Individual blocks in an ASDF file may be compressed.

You can easily zlib or bzip2 compress all blocks:

from asdf import AsdfFile
import numpy as np

tree = {
    'a': np.random.rand(32, 32),
    'b': np.random.rand(64, 64)
}

target = AsdfFile(tree)
target.write_to('target.asdf', all_array_compression='zlib')
target.write_to('target.asdf', all_array_compression='bzp2')
target.asdfb'#ASDF' 1.2.0
%YAML 1.1
%TAG ! tag:stsci.edu:asdf/
--- !core/asdf-1.1.0
asdf_library: !core/software-1.0.0 {author: Space Telescope Science Institute, homepage: 'http://github.com/spacetelescope/asdf',
  name: asdf, version: 2.2.0.dev1526}
history:
  extensions:
  - !core/extension_metadata-1.0.0
    extension_class: asdf.extension.BuiltinExtension
    software: {name: asdf, version: 2.2.0.dev1526}
a: !core/ndarray-1.0.0
  source: 0
  datatype: float64
  byteorder: little
  shape: [32, 32]
b: !core/ndarray-1.0.0
  source: 1
  datatype: float64
  byteorder: little
  shape: [64, 64]
...BLOCK 0:
    compression: bzp2
    allocated_size: 8341
    used_size: 8341
    data_size: 8192
    data: b'a019d451e2efc13f2acf2e02b03ded3f50895c01...'BLOCK 1:
    compression: bzp2
    allocated_size: 31735
    used_size: 31735
    data_size: 32768
    data: b'be4cfd487fabdd3f64d5beb7f1a4ee3f2278eaf4...'#ASDF BLOCK INDEX
%YAML 1.1
--- [611, 9006]
...

The lz4 compression algorithm is also supported, but requires the optional lz4 package in order to work.

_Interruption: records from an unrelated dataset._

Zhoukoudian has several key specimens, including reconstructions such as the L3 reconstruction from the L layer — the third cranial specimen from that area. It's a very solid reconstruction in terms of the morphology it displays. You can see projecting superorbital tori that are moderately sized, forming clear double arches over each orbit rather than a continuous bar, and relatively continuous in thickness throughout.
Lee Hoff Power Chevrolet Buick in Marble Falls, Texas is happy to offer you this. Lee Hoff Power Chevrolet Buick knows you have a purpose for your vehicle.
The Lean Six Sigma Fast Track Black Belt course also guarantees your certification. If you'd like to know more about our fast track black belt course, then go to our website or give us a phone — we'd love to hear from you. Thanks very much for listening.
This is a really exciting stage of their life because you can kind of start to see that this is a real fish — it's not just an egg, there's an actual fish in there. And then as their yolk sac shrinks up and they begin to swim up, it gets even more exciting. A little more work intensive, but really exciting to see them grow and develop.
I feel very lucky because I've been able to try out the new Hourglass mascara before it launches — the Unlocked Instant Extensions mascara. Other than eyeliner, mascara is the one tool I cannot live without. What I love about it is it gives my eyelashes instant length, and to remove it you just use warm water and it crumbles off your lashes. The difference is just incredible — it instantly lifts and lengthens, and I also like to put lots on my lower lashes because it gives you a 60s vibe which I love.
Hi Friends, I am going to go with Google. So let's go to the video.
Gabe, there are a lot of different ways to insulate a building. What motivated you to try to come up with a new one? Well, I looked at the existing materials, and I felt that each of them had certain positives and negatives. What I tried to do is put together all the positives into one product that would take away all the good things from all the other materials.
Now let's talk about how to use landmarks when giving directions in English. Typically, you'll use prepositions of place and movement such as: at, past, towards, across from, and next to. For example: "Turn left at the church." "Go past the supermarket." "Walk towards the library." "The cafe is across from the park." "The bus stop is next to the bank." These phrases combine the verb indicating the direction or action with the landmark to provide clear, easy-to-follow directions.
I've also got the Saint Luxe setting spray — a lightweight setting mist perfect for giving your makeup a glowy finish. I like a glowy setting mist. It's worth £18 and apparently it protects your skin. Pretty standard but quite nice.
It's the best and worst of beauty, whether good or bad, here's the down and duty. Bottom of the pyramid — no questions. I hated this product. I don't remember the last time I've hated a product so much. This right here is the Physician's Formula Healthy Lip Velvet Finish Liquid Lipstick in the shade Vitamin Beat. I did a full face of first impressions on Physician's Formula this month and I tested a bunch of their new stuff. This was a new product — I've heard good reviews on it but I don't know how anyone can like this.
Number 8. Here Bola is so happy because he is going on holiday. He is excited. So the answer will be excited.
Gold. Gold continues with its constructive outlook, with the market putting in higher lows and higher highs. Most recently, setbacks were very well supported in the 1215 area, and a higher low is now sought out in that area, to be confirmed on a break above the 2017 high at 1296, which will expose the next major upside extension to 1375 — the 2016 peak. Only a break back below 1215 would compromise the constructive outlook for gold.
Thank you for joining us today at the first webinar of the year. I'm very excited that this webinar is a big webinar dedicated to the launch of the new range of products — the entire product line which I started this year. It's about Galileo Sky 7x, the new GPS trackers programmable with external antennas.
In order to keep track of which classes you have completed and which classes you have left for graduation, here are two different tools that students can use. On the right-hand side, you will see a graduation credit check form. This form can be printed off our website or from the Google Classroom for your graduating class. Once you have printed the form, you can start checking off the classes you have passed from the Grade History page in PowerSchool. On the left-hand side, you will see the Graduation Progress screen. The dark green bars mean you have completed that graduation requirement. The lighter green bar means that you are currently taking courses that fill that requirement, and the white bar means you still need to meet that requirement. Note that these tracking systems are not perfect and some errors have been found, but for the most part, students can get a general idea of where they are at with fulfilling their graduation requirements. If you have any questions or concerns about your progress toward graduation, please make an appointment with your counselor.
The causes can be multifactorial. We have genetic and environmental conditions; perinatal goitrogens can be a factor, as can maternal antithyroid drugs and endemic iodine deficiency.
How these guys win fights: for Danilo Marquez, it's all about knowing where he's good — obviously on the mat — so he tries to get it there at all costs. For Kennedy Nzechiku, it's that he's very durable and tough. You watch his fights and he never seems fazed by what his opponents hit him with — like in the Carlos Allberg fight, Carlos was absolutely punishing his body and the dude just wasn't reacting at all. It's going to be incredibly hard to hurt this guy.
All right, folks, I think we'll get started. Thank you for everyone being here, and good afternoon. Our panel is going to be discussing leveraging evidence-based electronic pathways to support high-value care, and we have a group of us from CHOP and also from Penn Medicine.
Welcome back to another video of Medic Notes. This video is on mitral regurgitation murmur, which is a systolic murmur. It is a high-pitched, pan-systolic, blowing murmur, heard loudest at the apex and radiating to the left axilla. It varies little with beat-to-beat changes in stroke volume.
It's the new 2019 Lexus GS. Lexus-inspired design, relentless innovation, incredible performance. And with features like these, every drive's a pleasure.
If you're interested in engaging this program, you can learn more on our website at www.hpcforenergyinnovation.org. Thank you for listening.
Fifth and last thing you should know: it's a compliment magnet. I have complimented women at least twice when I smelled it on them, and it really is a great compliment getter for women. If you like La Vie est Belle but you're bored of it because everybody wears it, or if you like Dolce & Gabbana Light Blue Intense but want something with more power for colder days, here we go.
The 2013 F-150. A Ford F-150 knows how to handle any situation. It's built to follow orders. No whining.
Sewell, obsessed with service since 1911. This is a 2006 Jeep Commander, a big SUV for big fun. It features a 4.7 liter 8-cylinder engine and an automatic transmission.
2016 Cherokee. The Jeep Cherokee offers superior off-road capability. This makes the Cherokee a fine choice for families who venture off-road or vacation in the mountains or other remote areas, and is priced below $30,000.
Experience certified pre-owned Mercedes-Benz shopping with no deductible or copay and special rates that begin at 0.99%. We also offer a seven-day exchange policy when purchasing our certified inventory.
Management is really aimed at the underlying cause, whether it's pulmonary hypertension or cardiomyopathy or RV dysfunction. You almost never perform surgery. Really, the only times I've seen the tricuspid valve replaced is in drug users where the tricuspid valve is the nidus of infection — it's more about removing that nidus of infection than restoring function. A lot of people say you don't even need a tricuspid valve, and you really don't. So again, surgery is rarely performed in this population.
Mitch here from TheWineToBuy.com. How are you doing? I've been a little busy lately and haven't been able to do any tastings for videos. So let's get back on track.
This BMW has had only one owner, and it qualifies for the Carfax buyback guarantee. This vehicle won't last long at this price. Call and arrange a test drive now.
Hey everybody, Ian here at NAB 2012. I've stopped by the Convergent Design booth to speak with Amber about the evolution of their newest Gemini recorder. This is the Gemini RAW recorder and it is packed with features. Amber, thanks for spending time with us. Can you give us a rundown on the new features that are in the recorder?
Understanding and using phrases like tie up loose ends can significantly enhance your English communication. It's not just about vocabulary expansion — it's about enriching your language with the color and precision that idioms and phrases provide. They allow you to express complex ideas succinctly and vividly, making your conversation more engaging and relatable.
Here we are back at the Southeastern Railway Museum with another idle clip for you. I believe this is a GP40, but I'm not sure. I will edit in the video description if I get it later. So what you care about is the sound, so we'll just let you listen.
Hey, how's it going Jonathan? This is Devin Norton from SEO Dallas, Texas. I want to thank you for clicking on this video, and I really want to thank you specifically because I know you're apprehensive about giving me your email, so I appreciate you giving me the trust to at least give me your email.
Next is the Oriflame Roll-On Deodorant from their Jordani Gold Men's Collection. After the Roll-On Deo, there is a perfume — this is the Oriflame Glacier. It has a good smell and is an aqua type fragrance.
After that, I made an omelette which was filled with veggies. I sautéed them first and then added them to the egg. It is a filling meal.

When reading a file with compressed blocks, the blocks will be automatically decompressed when accessed. If a file with compressed blocks is read and then written out again, by default the new file will use the same compression as the original file. This behavior can be overridden by explicitly providing a different compression algorithm when writing the file out again.

import asdf

# Open a file with some compression
af = asdf.open('compressed.asdf')

# Use the same compression when writing out a new file
af.write_to('same.asdf')

# Or specify the (possibly different) algorithm to use when writing out
af.write_to('different.asdf', all_array_compression='lz4')

Memory mapping

By default, all internal array data is memory mapped using numpy.memmap. This allows for the efficient use of memory even when reading files with very large arrays. The use of memory mapping means that the following usage pattern is not permitted:

import asdf

with asdf.open('my_data.asdf') as af:
    ...

 af.tree

Specifically, if an ASDF file has been opened using a with context, it is not possible to access the file contents outside of the scope of that context, because any memory mapped arrays will no longer be available.

It may sometimes be useful to copy array data into memory instead of using memory maps. This can be controlled by passing the copy_arrays parameter to either the AsdfFile constructor or asdf.open. By default, copy_arrays=False.